Work request → Line by line, transcribe the data below exactly and pass over the images.

(Image-text web data)

——————————

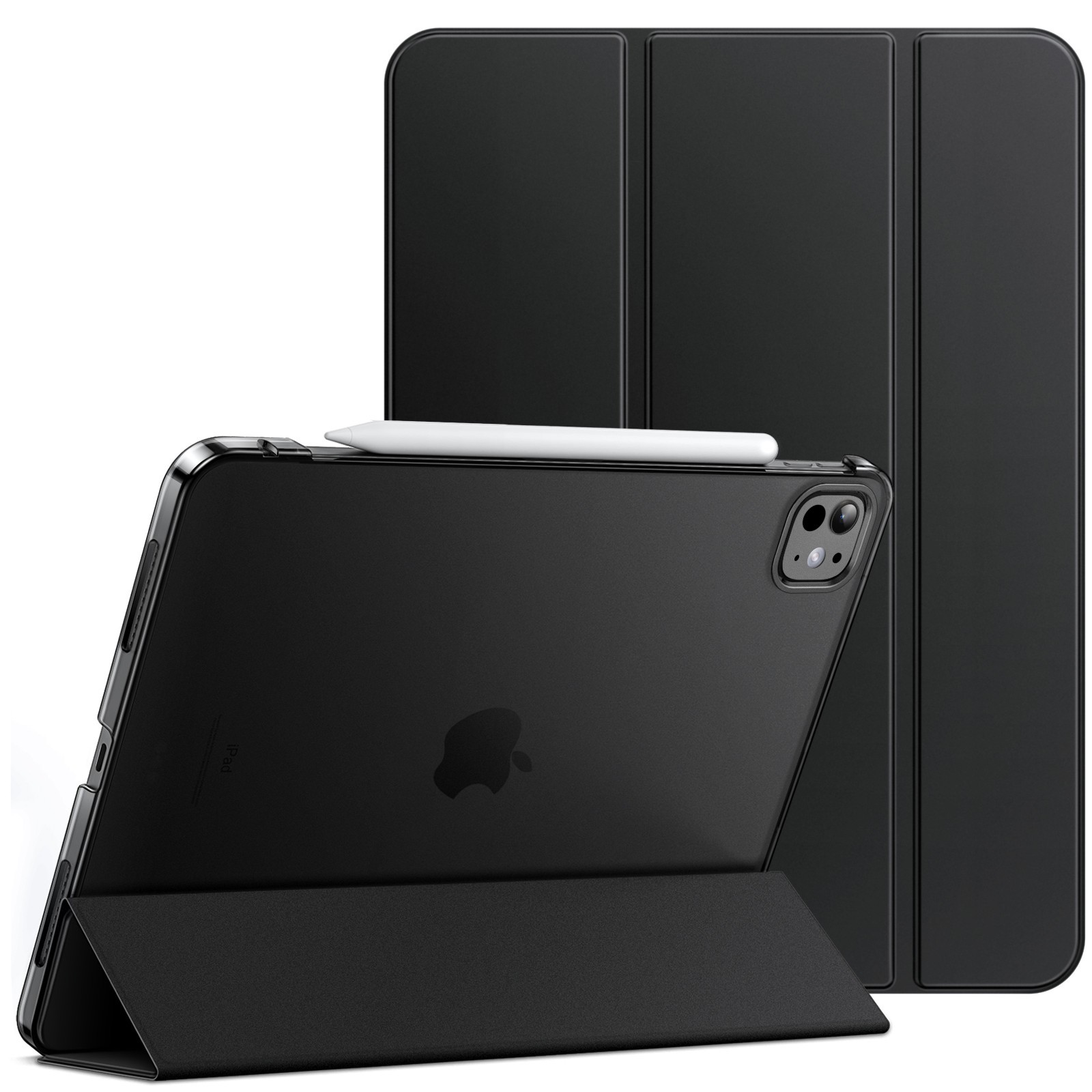 Case for iPad Pro 11-Inch M5/M4 2025/2024 (6th/5th Generation), Auto Wake/Sleep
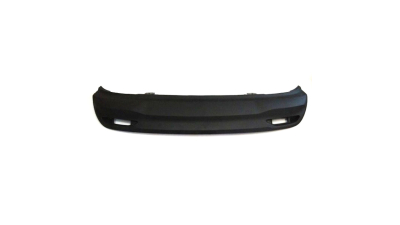 Spoiler bara spate Hyundai Rio, 09.2011-12.2016, parte montare model SEDAN, 41B199-1, Aftermarket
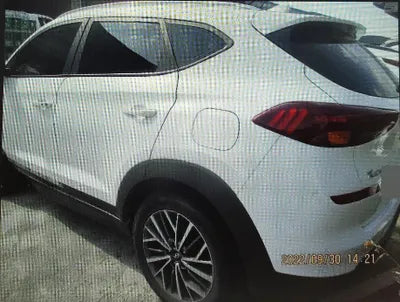 2019 Hyundai Tucson VIN:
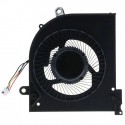 Laptop Cpu & Gpu Cooling Fan For Msi Gs65 Gs65Vr Ms-16Q2 16Q2-Cpu-Cw 16Q2-Gpu-Cw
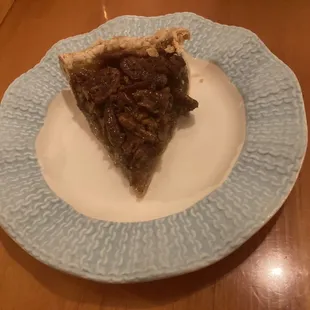 Pecan pie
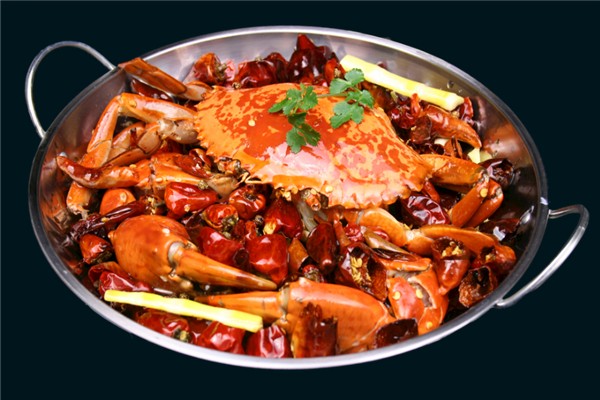 吴忠肉蟹煲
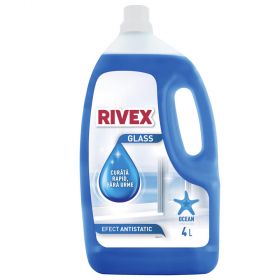 Detergent geamuri RIVEX, 4 L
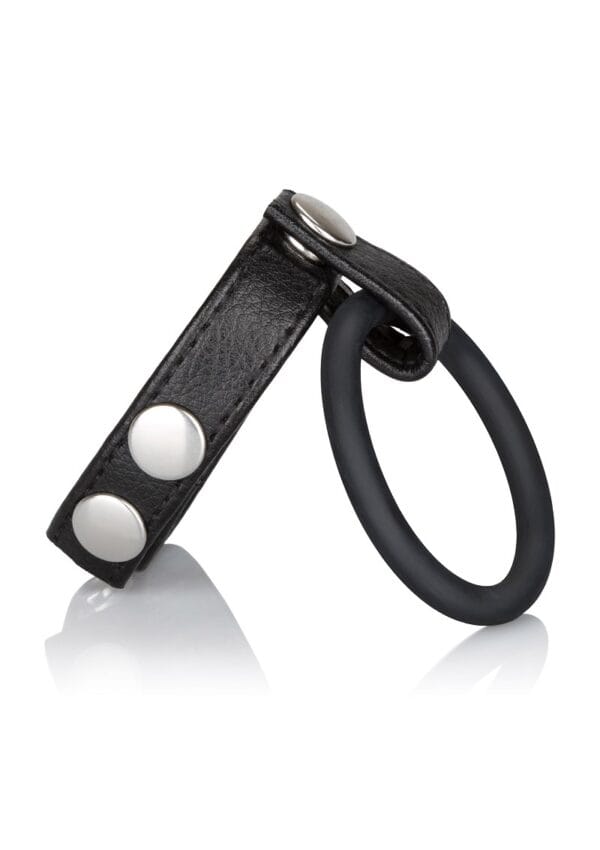 CalExotics Medium Leather Ball Spreader - Image 3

——————————

Answer box →
 Case for iPad Pro 11-Inch M5/M4 2025/2024 (6th/5th Generation), Auto Wake/Sleep
 Spoiler bara spate Hyundai Rio, 09.2011-12.2016, parte montare model SEDAN, 41B199-1, Aftermarket
 2019 Hyundai Tucson VIN:
 Laptop Cpu & Gpu Cooling Fan For Msi Gs65 Gs65Vr Ms-16Q2 16Q2-Cpu-Cw 16Q2-Gpu-Cw
 Pecan pie
 吴忠肉蟹煲
 Detergent geamuri RIVEX, 4 L
 CalExotics Medium Leather Ball Spreader - Image 3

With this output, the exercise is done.